La guerra strisciante rende sempre più difficile la sua attività di imprenditrice: «Viviamo in un clima di incertezza. Per esempio, mia sorella voleva fare un pozzo nei nostri terreni nella valle della Bekaa. Ma per farlo serve una macchina che potrebbe essere scambiata dagli israeliani per un'arma; quindi, non abbiamo trovato nessuno che abbia accettato di fare questo lavoro, perché la Bekaa è una zona gestita da Hezbollah e tutti avevano paura di qualche reazione». Ma i problemi non si fermano qui. «Non ci sono molti voli ed è difficile esportare via aereo la merce. Per noi che mandiamo la nostra frutta in Inghilterra e nei Paesi europei, le assicurazioni sono aumentate e ci sono alcune che non accettano più di coprire il rischio guerra, e quindi il trasporto via mare è diventato caro, i nostri costi sono esplosi e non si può recuperare con il prezzo di vendita. Questa settimana non andrò nella Bekaa perché non vorrei che gli israeliani colpissero lì, il sud o la periferia di Beirut, Dahieh. Aspetterò di vederci più chiaro». A complicare la vita e il lavoro ci sono anche i disagi con i trasporti. «Chi ha delle fiere aspetta, perché le compagnie hanno smesso di volare su Beirut. C'è solo la Middle East Airlines e la Turkish Airlines. Tutti i voli in partenza da Beirut sono pieni, ma nessuno fa ritorno. I pochi biglietti che si riescono a trovare sono carissimi. Alcuni vanno in macchina in Giordania, tramite la Siria, un viaggio di più di 9 ore, per arrivare ad Amman e poter prendere un aereo da lì. Oppure ci sono navi che partono da Jounieh per Cipro, il viaggio costa mille dollari a testa, e poi da Larnaka si prende un volo». Anche altri settori economici non sono messi bene. «Per esempio, l'intrattenimento, la ristorazione o l'attività alberghiera. Chi era venuto in Libano per le ferie le ha accorciate per scappare. Le ambasciate hanno chiesto ai loro cittadini di abbandonare il Paese, anche quella italiana.
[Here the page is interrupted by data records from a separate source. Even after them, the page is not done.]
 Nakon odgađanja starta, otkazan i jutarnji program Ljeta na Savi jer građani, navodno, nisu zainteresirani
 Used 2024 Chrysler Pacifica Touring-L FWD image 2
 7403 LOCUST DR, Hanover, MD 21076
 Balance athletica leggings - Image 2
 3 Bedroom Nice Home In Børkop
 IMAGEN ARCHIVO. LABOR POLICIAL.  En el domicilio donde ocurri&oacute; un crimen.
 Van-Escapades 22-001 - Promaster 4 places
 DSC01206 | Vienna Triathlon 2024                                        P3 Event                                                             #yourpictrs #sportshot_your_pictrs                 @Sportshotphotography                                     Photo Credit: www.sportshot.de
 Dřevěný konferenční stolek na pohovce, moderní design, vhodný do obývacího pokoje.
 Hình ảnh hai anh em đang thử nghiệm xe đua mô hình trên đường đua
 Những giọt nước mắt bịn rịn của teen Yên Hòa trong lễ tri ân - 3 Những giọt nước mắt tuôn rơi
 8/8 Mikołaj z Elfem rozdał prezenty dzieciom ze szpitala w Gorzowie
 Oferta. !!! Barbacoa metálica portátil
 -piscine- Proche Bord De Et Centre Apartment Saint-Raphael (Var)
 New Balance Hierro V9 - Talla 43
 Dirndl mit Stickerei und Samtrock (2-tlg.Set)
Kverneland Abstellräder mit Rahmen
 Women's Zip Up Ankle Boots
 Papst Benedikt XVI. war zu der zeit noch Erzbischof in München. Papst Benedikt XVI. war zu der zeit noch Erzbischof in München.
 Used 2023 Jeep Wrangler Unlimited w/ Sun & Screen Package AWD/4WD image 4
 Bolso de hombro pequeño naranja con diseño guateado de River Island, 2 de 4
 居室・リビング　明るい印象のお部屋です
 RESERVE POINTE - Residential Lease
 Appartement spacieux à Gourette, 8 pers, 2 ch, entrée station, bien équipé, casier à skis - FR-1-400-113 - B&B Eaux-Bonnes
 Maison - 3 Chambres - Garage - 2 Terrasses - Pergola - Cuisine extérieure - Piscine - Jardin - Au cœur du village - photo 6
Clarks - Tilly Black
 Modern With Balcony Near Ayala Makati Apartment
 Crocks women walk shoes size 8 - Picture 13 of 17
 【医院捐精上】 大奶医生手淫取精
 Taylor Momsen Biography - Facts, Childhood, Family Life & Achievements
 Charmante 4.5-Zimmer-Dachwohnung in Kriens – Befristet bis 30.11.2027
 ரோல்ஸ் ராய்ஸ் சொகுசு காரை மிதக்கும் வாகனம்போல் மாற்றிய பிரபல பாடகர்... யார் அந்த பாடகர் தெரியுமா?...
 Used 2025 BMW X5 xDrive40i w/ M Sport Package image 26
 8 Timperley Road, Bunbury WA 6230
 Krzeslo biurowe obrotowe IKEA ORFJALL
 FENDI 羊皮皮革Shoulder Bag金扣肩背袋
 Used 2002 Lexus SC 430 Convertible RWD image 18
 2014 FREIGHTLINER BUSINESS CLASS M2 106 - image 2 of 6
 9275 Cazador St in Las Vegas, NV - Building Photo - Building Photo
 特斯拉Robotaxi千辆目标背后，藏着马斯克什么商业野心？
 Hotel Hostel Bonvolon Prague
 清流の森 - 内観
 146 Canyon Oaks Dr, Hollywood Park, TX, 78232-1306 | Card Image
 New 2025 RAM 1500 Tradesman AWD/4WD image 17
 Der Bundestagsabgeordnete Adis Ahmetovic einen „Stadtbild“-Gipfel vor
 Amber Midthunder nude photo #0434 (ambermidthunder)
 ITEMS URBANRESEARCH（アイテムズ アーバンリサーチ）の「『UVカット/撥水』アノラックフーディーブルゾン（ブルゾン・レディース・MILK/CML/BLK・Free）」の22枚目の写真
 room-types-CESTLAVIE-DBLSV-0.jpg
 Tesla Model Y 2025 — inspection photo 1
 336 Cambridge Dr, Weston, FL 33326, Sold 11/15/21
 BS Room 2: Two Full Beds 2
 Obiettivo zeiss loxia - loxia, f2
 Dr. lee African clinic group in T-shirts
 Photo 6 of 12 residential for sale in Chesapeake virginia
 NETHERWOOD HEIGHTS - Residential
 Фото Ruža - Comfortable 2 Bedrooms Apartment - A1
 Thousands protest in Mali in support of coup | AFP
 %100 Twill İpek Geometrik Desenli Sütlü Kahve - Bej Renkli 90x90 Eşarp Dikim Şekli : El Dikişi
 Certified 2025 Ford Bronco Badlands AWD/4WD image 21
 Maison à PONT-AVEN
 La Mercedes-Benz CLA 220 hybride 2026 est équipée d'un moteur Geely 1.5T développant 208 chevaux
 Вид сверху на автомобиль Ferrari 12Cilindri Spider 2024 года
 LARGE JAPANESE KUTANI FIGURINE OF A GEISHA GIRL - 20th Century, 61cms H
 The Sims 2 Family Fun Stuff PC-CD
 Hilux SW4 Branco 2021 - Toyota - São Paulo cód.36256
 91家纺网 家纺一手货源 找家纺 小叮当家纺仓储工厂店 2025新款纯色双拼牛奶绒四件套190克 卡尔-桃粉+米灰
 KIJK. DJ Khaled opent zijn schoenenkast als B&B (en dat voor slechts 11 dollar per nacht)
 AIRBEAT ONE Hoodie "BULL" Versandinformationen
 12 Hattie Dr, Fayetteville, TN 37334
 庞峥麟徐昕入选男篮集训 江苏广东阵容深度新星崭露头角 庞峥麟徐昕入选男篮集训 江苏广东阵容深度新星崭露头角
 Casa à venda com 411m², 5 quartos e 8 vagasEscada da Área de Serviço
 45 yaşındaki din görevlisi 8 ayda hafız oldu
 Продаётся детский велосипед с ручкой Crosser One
I Festival sono stati cancellati, tranne quello di Byblos che ha lasciato solo artisti arabi, ma Baalbek, Beiteddine non si faranno». E la vita di tutti i giorni come procede? «La gente è stressata, però molti continuano a uscire. I ristoranti sono pieni, le persone vogliono andare a ballare. Proprio come se fosse la loro ultima serata».